For five years, those friends in the U.S. have engaged in efforts as noble as they are lonely, which have been completely unreported by the corporate media and very little has filtered out through those who consider themselves their alternative.

And so it has not been difficult for the U.S. government to maintain its obstinate position and continue imposing secrecy.

Nor has it found it particularly difficult to keep the satellite imagery it jealously guards from public view about the incident of February 24, 1996. Fifteen years ago it did not allow the investigators from the International Civil Aviation Organization to view them, it refused to present them to the court in Miami, and now it has reiterated its refusal. Its attitude of impeding others from seeing the proof that only Washington can access is so obvious and suspicious that in its lengthy 123 page argument with three appendices against Gerardo, it barely alludes to the matter in a twisted five line paragraph.

Allow me a brief review. Gerardo Hernández Nordelo had absolutely nothing to do with the downing of the aircraft on February 24, 1996. The U.S. government itself, that of W. Bush, acknowledged the lack of proof to sustain its accusation against Gerardo and asked to withdraw it at the last minute. It did so in an official document, titled “Emergency Petition” and which, according to they themselves, constituted an unprecedented action in the history of that country.

Here is the document, dated May 25, 2001, soon it will be ten years old, but as far as those who call themselves “information media” it does not exist. I have inherited a certain tendency toward obstinacy from my Andalucian ancestors, and that’s why I carry it with me from time to time, because even gypsies believe in chance. You never know. Maybe one day someone will discover that this document exists.

Returning to the event of February 24, 1996. No U.S. court had jurisdiction over the matter, unless it had occurred in international airspace. The investigation performed by the ICAO revealed something surprising. Despite being warned beforehand by their government, the U.S. radar stations either did not register the event or offered contradictory data or destroyed the data. The only proof supplied by U.S. authorities is the testimony from the captain of a boat that operated - by coincidence? - out of Miami.

And so, the interest, first by the ICAO and later by Gerardo’s defense team, in the satellite imagery. The U.S. government never denied the existence of these images, it admitted having them, but it put a fifteen year prohibition on allowing anyone else to see them.

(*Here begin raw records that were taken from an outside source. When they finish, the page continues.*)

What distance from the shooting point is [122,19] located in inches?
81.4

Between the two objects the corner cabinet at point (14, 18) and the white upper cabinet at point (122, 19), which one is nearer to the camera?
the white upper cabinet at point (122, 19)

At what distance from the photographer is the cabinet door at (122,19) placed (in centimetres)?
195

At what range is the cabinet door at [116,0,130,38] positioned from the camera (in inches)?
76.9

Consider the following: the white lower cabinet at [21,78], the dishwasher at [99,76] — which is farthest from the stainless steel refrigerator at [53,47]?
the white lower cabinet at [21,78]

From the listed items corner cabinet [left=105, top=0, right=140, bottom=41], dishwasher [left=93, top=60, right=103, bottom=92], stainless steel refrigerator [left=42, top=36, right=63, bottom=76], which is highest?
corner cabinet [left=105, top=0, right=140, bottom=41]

How can it be explained that they have successfully managed to hide them for such a long time? Simply because their revealing conduct has never become news, because they have been able to count on the complicity of the enormous media corporations, but also, it must be said, on our own laziness.

The worst enemy of press freedom is the media dictatorship exercised by the huge corporations which manipulate information and substitute an industry of deceit.

This dictatorship imposes the news menu that circulates through our newsrooms, its codes of language and interpretation circulating along with it. If we wish to develop truthful journalism, capable of transforming itself into a real alternative, it’s essential to go beyond the menu and find the truth in other sources. It is a professional necessity but also a duty of solidarity with those who, lacking resources, are waging hard battles alone. Assisting in the articulation of their scattered efforts is the obligation of a revolutionary press. It’s also the best recipe for curing the infection from those codes that circulate, often inadvertently, among ourselves.

Acting this way, we can also make news. Without inventing it or fabricating it, like the inventions and fabrications that are so abundant on the menu we are served day and night. By breaking the chains that lock up the truths such as those I’ve allowed myself to mention here. We ought to be, finally, like Julio Antonio Mella wanted us to be: “Thinking beings not driven ones.”

Text read as part of a speech given on May 3, 2011, in an event held jointly by the FELAP (Latin American Federation of Journalists) and the UPEC (Cuban Association of Journalists) for Día de la Libertad de Prensa [Press Freedom Day].